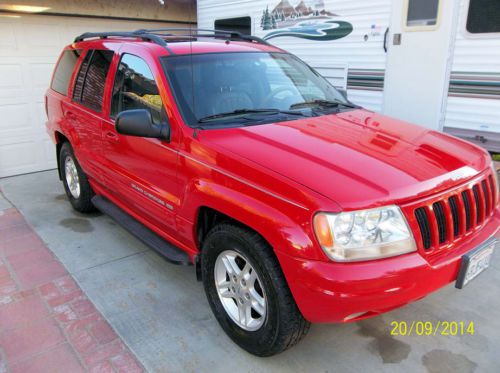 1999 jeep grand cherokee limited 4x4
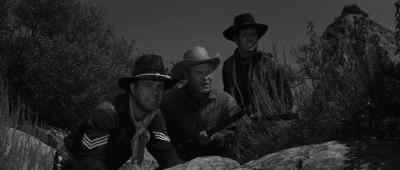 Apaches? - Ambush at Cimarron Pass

* * *

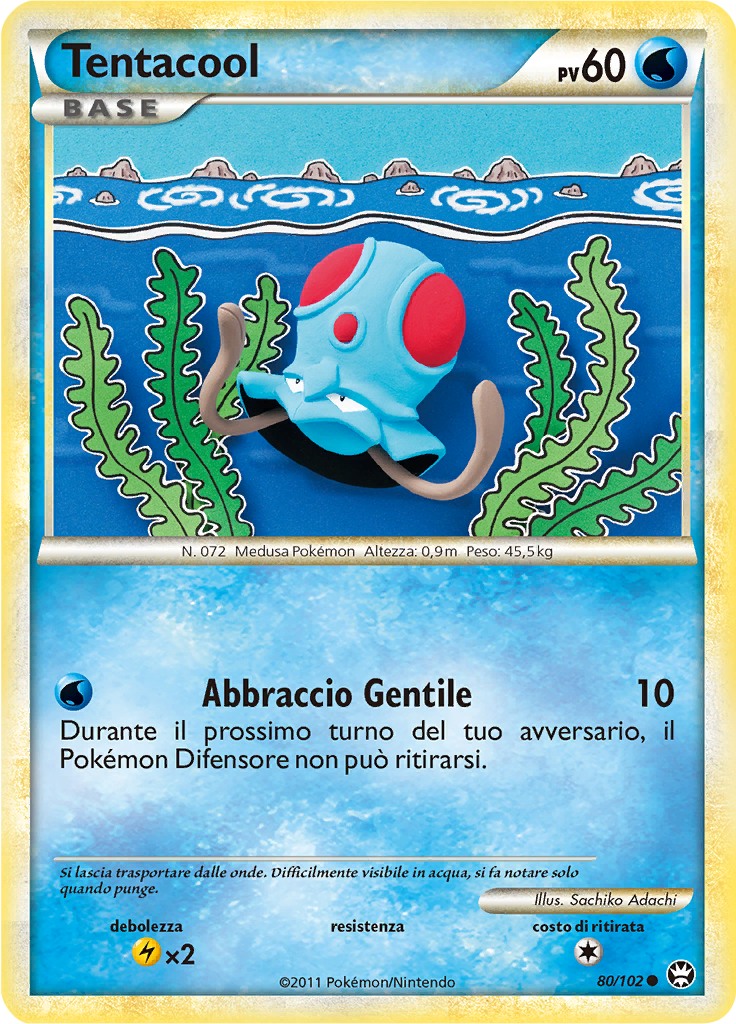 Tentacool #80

==

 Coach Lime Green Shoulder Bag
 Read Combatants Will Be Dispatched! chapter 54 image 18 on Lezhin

EXERCISE GOAL:
Starting with the line that has "1999 jeep grand cherokee limited 4x4" and ending with the line that has "Apaches? - Ambush at Cimarron Pass", repeat the lines above exactly, omitting every picture.

OUTPUT OF THE TASK:
 1999 jeep grand cherokee limited 4x4
 Apaches? - Ambush at Cimarron Pass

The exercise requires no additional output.